4- Verimlilik, ürün kaybı sorunumuz var. Hem bitkisel hem de hayvansal üretim tarafında yaşanan verim kaybı, lojistik tarafındaki yüksek zayiat oranı üreticinin rekabet avantajını ortadan kaldırıyor, düşük kar marjını da alıp götürüyor.

5- Veriler sağlıklı değil. Başta Türkiye İstatistik Kurumu'nun verileri olmak üzere tarım sektörüne yönelik veri tabanının güvenilirliği tartışma konusu. Bunun yeniden sağlıklı bir şekilde oluşturulması gerekiyor. Aksi takdirde, elinizde doğru veri olmadan doğru projeksiyon oluşturmak ve geleceğe yönelik üretim planlaması yapmak mümkün değil.

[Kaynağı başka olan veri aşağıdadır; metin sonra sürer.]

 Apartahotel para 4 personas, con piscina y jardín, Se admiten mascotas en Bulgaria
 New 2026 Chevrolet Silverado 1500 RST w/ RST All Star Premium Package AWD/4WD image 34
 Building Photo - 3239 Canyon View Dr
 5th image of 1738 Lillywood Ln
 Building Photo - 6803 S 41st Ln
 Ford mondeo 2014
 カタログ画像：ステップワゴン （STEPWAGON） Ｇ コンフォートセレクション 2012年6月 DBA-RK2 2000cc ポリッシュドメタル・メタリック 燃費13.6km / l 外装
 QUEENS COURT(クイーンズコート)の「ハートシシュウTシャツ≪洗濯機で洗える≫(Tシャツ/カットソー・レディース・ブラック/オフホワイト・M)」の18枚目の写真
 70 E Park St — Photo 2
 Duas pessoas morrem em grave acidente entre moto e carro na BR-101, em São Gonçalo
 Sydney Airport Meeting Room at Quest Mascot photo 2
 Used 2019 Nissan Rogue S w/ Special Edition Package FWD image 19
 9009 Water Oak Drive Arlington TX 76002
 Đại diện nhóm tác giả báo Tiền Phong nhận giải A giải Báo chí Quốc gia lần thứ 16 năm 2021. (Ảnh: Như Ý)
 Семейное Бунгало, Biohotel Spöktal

6- Piyasalarda yeterli regülasyon yok. Farklı ürünler açısından serbest piyasa ekonomisi adı altındabir boşluk söz konusu. Tarım sektörü spekülasyonlara açık bir sektör hatta bir noktadan sonra işin içine manipülasyonlar dahi giriyor. Gerekli altyapı ve düzenlemeler ile makro ve mikro açıdan tarım politikaları oluşturulması gerekiyor.

7- Kamu kurumlarının işlevselliği yeterli değil. Toprak Mahsulleri Ofisi (TMO), Et ve Süt Kurumu (ESK), Tarım Kredi Kooperatifleri ve Tarım İşletmeleri Genel Müdürlüğü (TİGEM) gibi kurumlar olması gereken düzenleyici ve destekleyici etkiyi sağlayamıyor.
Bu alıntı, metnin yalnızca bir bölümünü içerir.